6. There is no limit on the number of Remote Terminal Units (RTU)/Programmable Logic Controllers (PLC) but network latency is dependent upon the number of RTU/PLCs on the network. Most serial systems require some kind of traffic calculation/review to determine how many sites can be polled and respond within a given time frame. Most network administrators and vendors have tools that assist in calculating the system latency, throughput and scan rates. Dataradio provides at least two types for general rule-of-thumb use. System designers may need to work with system programmers to understand data structures and required throughput rates for the application. This may also involve the process control/system engineers to understand what overall system performance criteria are. It has been the experience of Dataradio Technical Services that when these items are not addressed, system performance is not optimal either serial communications or LAN. There are networking tools available to assist in system performance evaluation and some allow for system performance extrapolation. Parameters such as tuning of TCP/IP parameters (Maximum Transmission Unit (MTU) size, MSS size etc.) will need to be set correctly. Dataradio will publish starting benchmarks for these parameters as work progresses with more systems and products.

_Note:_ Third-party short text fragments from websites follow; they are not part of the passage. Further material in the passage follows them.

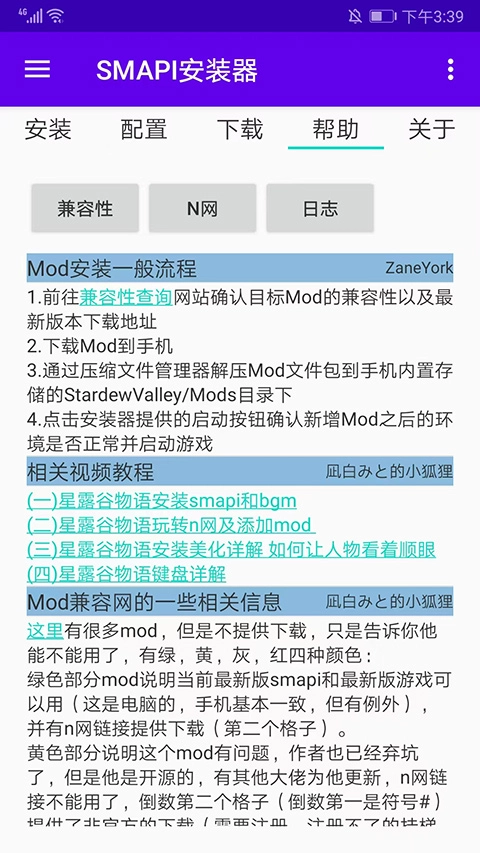 smapi最新免费版图1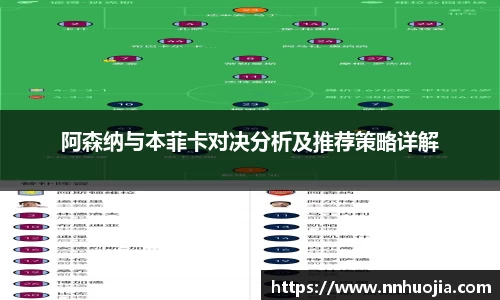 JJB竞技宝新版本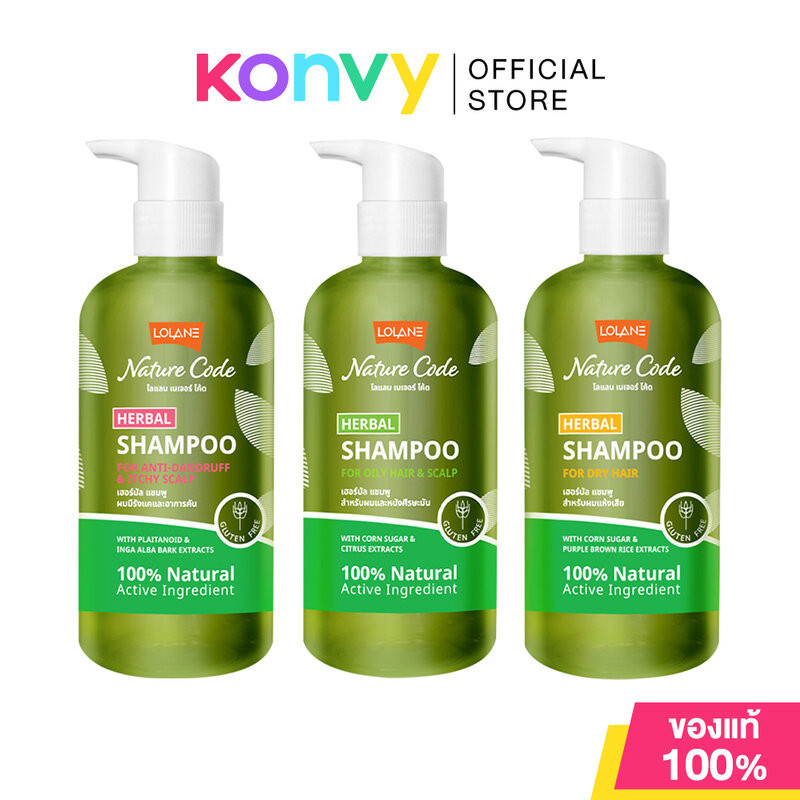 Lolane Nature Code Herbal Shampoo โลแลน แชมพูสระผม 280ml (Anti-Dandruff & Itchy Scalp/Oily Hair & Sc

7. How will the SCADA network be linked to any other corporate networks - through hubs or switches? How will the demands for non-SCADA information be handled? Tight control needs to be exercised or random data requests could easily impact the basic system performance. Requests addressed to RTUs/PLCs/Intelligent Electrical Devices (IED) will be passed on but if those requests come from a non-SCADA application (Engineering, Accounting, and Maintenance) the amount of traffic can impact system performance. Understanding how broadcast messages move through the system is important. O-IP will have the capability to enable or disable broadcast IP messages in the O-IP set-up. Limiting the number of broadcasts will keep traffic levels down as well.

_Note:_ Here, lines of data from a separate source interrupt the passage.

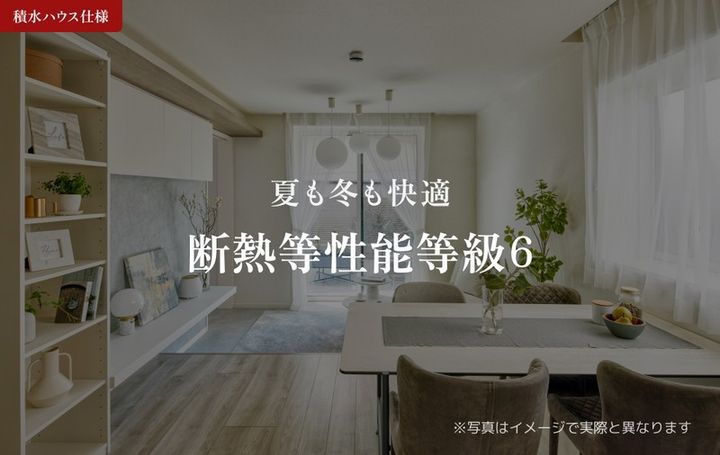 カーサグラス エステの居間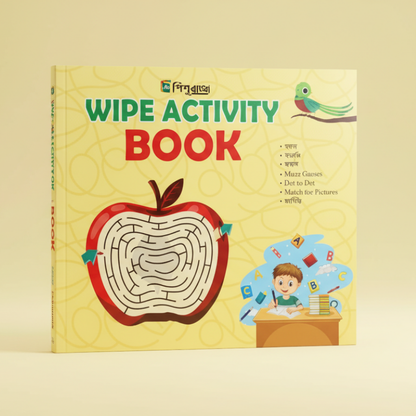 Shishurajjo Wipe Acticity Book
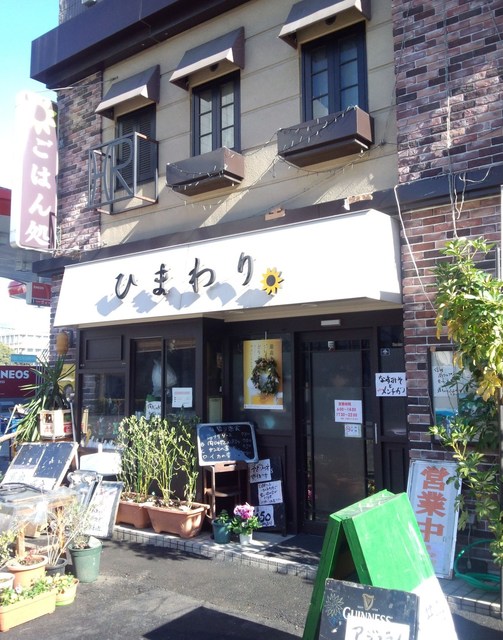 知る人ぞ知る 大久保工科大学 周辺の頭の休まるお店まとめ 食べログまとめ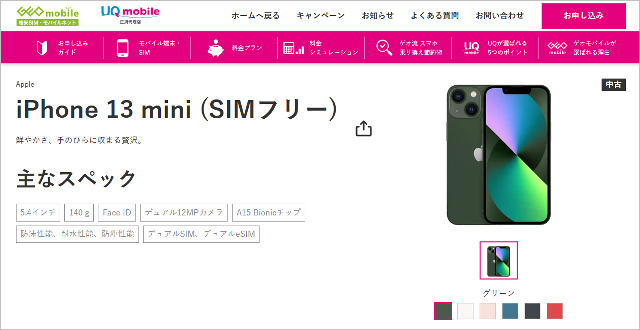 UQ mobile「iPhone 13 mini」一括4400円で投げ売り、iPhone 14も1万円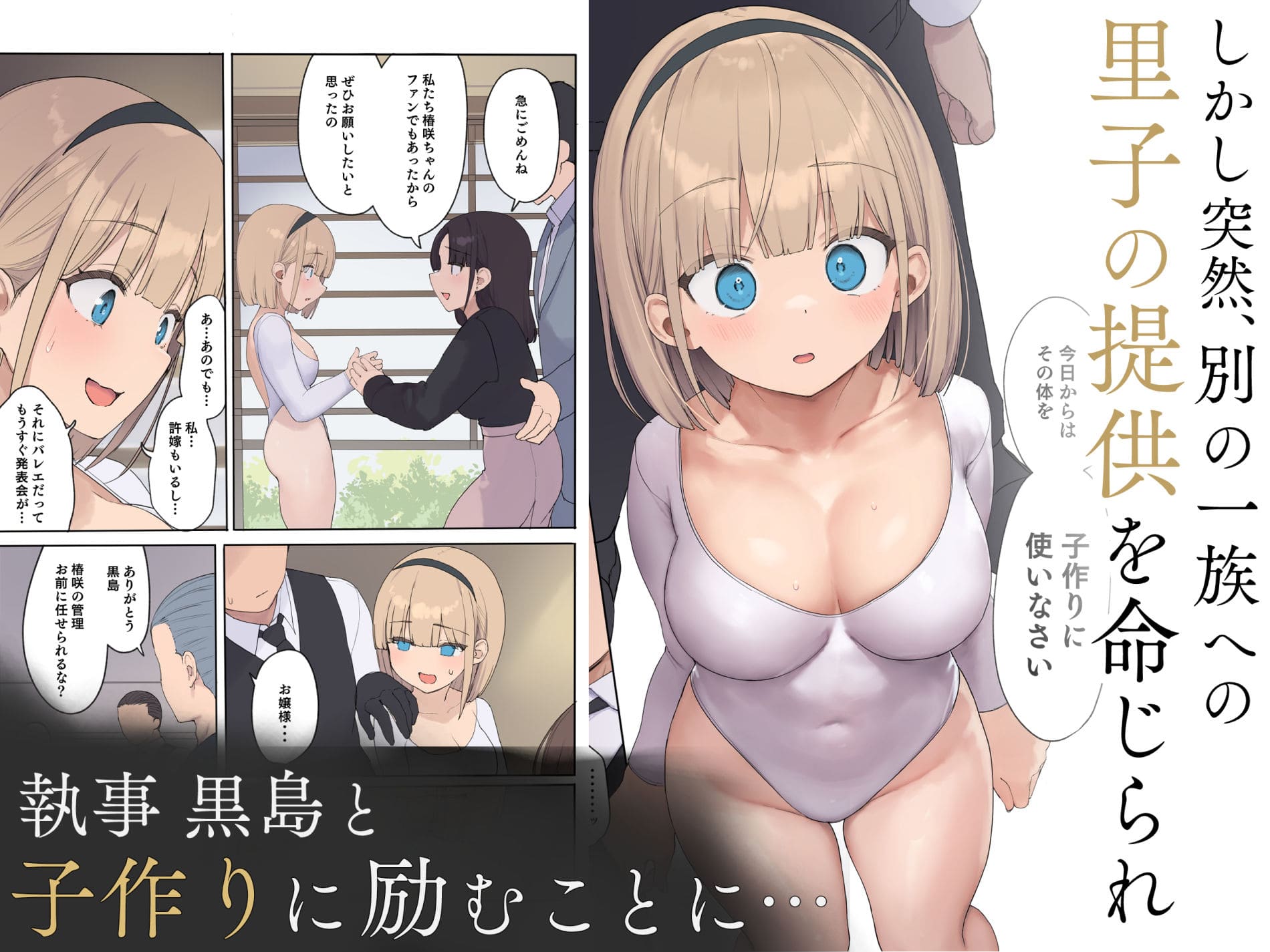 飛鳥しのざき先生の美麗なフルカラー原画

8. System addressing needs to be thought out in advance to avoid duplicate addresses and use of illegal addresses. If the SCADA networks are kept isolated from other networks private IP addresses can be used for RTU/PLCs.
9. What types of devices will be on the network? RTUs, PLCs, IEDs, terminal servers, meters and other process control devices (virtually any device that uses IP as a network layer) can be used with O-IP. Each type of device has a communication profile that needs to be taken into account as far as messaging size, latency control, reply message size and ad-hoc messaging. Network dynamic control is a part of future Dataradio O-IP work.

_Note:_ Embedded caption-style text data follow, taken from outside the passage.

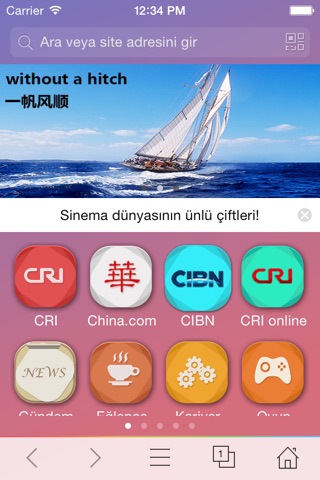 China Browser screenshot 2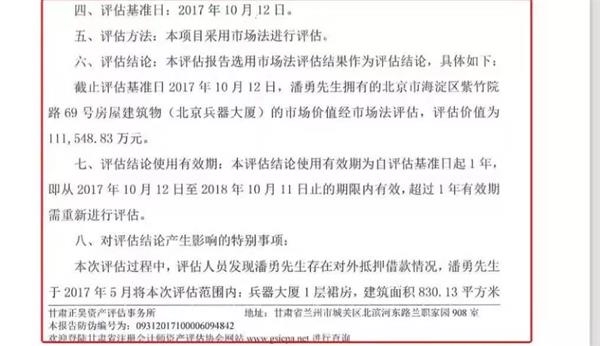 十万股民无眠!功绩巨亏、违规包管3亿 银河生物摊上“职业放贷人”?:最新皇冠登录网址 1 第4张 十万股民无眠!功绩巨亏、违规包管3亿 银河生物摊上“职业放贷人”?:最新皇冠登录网址 1 第4张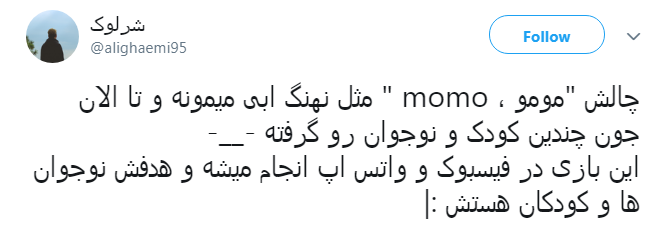 چالش مومو بدتر از نهنگ آبی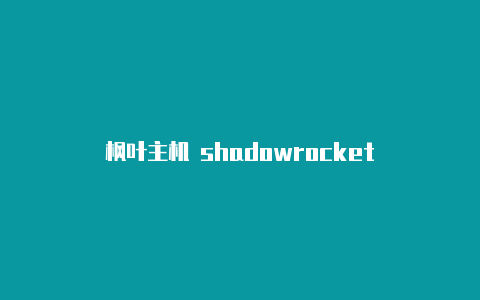 枫叶主机 shadowrocket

   If the system is a class C network, up to 254 devices could be on the segment. But having a device count capability is not the same as having the throughput capability. If all the messaging is small and short, 254 devices could easily be supported. What it really gets down to is this: The more points there are to monitor, the longer it will take the system to poll them. Network latencies will impose longer scan times on data collection routines.
10. What protocols can be used with an O-IP system? Protocols such as UDP, TCP, Internet Control Message Protocol (ICMP), ARP, Modbus/IP (IP and a Modbus header), Modbus/TCP, ASCII over IP, Distributed Network Protocol (DNP) 3.0 are supported (timing constraint issues have come up with DNP 3.0 in any number of applications- not just O-IP. Review of the application and latencies is necessary.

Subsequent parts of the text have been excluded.